Perl script that can be used to copy a lot of objects (files) between MongoDB GridFS, PostgreSQL BLOBs, and Amazon S3.
-
Copy configuration template file:
cp sample-config/gridfs-to-s3.yml.dist gridfs-to-s3.yml
-
Edit configuration file
gridfs-to-s3.yml
to set the MongoDB GridFS / Amazon S3 connection settings and other properties. -
To copy files from GridFS to S3, run:
perl bin/copy-kvs.pl gridfs-to-s3.yml mongodb_gridfs amazon_s3
-
To copy files from S3 to GridFS, run:
perl bin/copy-kvs.pl gridfs-to-s3.yml amazon_s3 mongodb_gridfs
Install perltidy
Git hook to automatically fix script formatting:
cpanm --installdeps .
githook-perltidy install
When copying from GridFS, the script will sort files roughly by insertion date.

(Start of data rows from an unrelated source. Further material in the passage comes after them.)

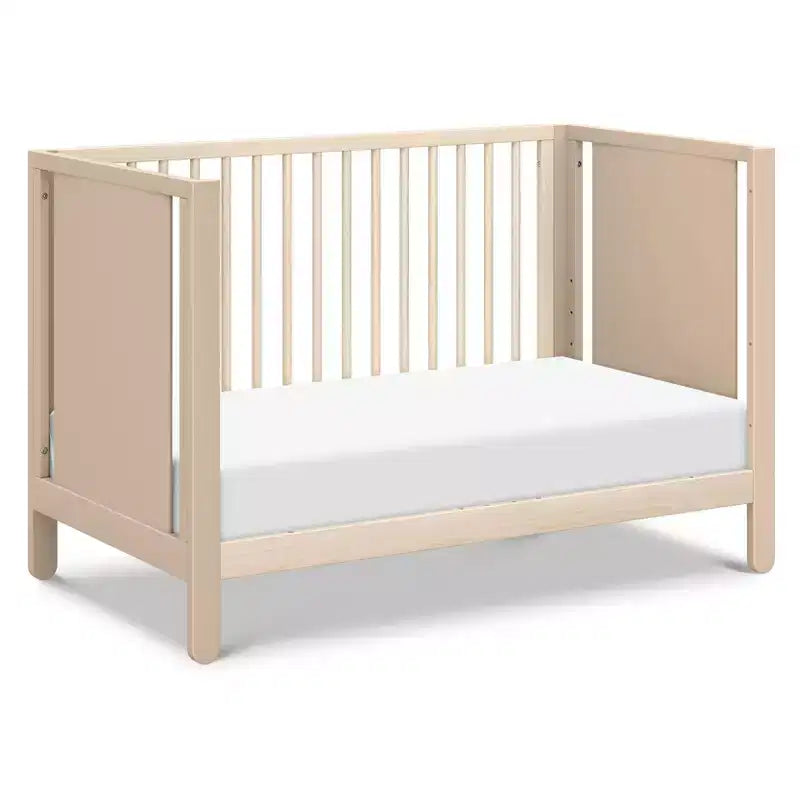 Carter's by daVinci Marisol 4-in-1 Convertible Crib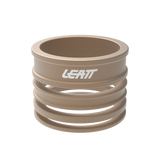 ברונזה - Leatt סט ספייסרים, ארבע גדלים של - Leatt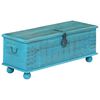 Product Thumbnail Image 14 of 15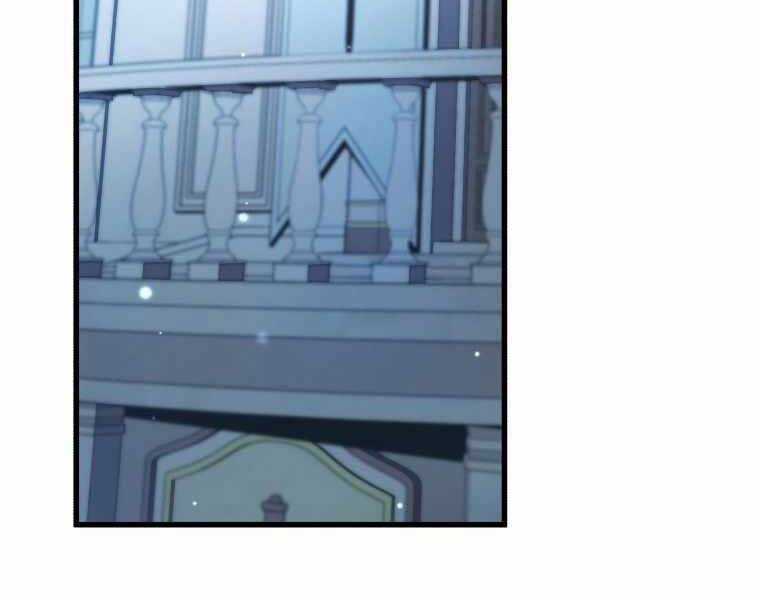 Con Trai Út Của Gia Đình Kiếm Thuật Danh Tiếng Chương 4 trang 78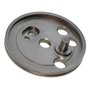 Manivela Completa para JR3060/JR3070CT - 154545-1 - Makita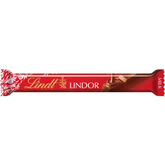 LINDOR STICIK MJÖLKCHO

The script uses object's ObjectId
for sorting. As the default ObjectId
contains an insertion timestamp (rounded to seconds), the objects are sorted in 1 second precision.
For example, if your GridFS deployment contains the following files:
> db.fs.files.find( { }, { filename: 1, uploadDate: 1 } )
{ "uploadDate" : ISODate("2013-06-11T08:00:00Z"), "filename" : "1" }
{ "uploadDate" : ISODate("2013-06-11T08:00:00Z"), "filename" : "2" }
{ "uploadDate" : ISODate("2013-06-11T08:00:00Z"), "filename" : "3" }
{ "uploadDate" : ISODate("2013-06-11T08:00:00Z"), "filename" : "4" }
{ "uploadDate" : ISODate("2013-06-11T08:00:00Z"), "filename" : "5" }
{ "uploadDate" : ISODate("2013-06-11T08:00:00Z"), "filename" : "6" }
{ "uploadDate" : ISODate("2013-06-11T08:00:00Z"), "filename" : "7" }
{ "uploadDate" : ISODate("2013-06-11T08:00:00Z"), "filename" : "8" }
{ "uploadDate" : ISODate("2013-06-11T08:00:01Z"), "filename" : "9" }
{ "uploadDate" : ISODate("2013-06-11T08:00:01Z"), "filename" : "10" }
{ "uploadDate" : ISODate("2013-06-11T08:00:01Z"), "filename" : "11" }
{ "uploadDate" : ISODate("2013-06-11T08:00:01Z"), "filename" : "12" }
{ "uploadDate" : ISODate("2013-06-11T08:00:01Z"), "filename" : "13" }
{ "uploadDate" : ISODate("2013-06-11T08:00:01Z"), "filename" : "14" }
{ "uploadDate" : ISODate("2013-06-11T08:00:01Z"), "filename" : "15" }
{ "uploadDate" : ISODate("2013-06-11T08:00:01Z"), "filename" : "16" }
...the script will copy files 1-8
in any order (because they were inserted during the same second), but will upload files 1-8
before uploading files 9-16
(because the latter were inserted in the next second).
When copying from PostgreSQL, the script will sort files by primary key.
So, unless you do something funky with your primary keys, the objects will be sorted in an insertion order.
When copying from S3, the script will sort files in lexicographical order.
For example, if your S3 bucket contains the following files:
1
2
3
4
5
6
7
8
9
10
11
12
13
14
15
16
...these files will be copied from S3 to GridFS in the following order:
1
10
11
12
13
14
15
16
2
3
4
5
6
7
8
9
This is because lexicographical order is the only one Amazon supports for sorting S3 contents (at the time of writing).
Execute:
COPY_KVS_S3_ACCESS_KEY_ID="AKIAIOSFODNN7EXAMPLE" \
COPY_KVS_S3_SECRET_ACCESS_KEY="wJalrXUtnFEMI/K7MDENG/bPxRfiCYzEXAMPLEKEY" \
COPY_KVS_S3_BUCKET_NAME="copy-kvs-unit-tests" \
\
COPY_KVS_POSTGRES_HOST="localhost" \
COPY_KVS_POSTGRES_USERNAME="copy_kvs_test" \
COPY_KVS_POSTGRES_PASSWORD="copy_kvs_test" \
COPY_KVS_POSTGRES_DATABASE="copy_kvs_test" \
\
make test
to run unit tests provided with the script.